[MATERIAL FOR THIS TASK]
--
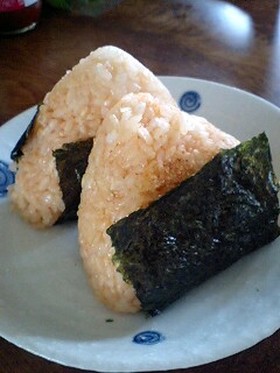 とろ~り☆カマンベールのキムチ焼おにぎり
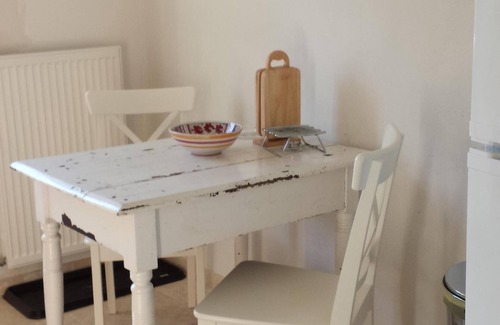 Ernsthausen Apartment | Apartment on estate with watermill and lots of nature
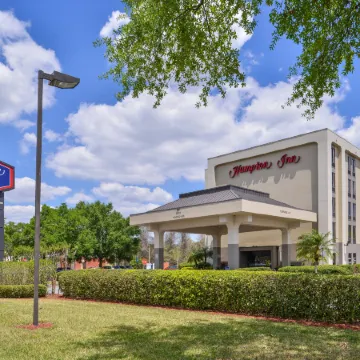 Hampton Inn Closest to Universal Orlando Отели рядом с достопримечательностью «Юниверсал Студиос Флорида»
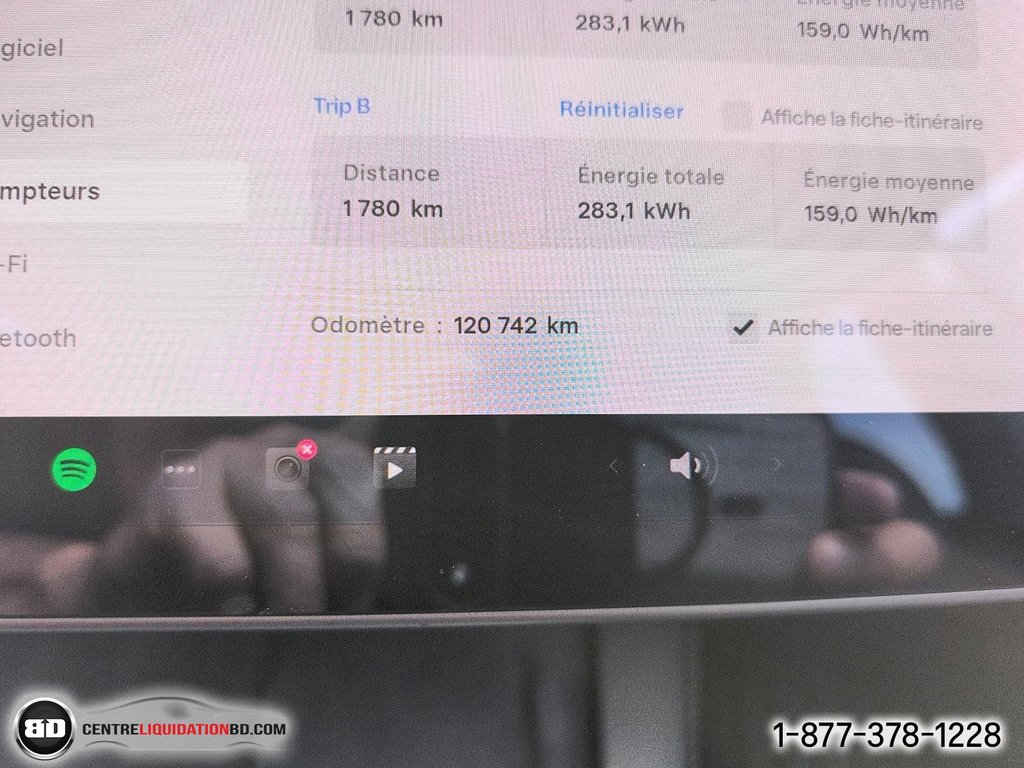 Tesla MODEL 3 STANDARD RANGE PLUS 2021 à Granby, Québec - 18 - w1024h768px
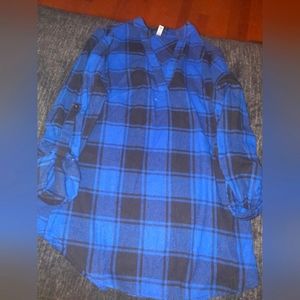 Long sleeve plaid shirt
--
[WHAT NEEDS TO BE DONE]
"Tesla MODEL 3" marks the first line to be returned; return exactly that line and every line after it through the last line of the listing, omitting pictures.

[RESPONSE AREA]
 Tesla MODEL 3 STANDARD RANGE PLUS 2021 à Granby, Québec - 18 - w1024h768px
 Long sleeve plaid shirt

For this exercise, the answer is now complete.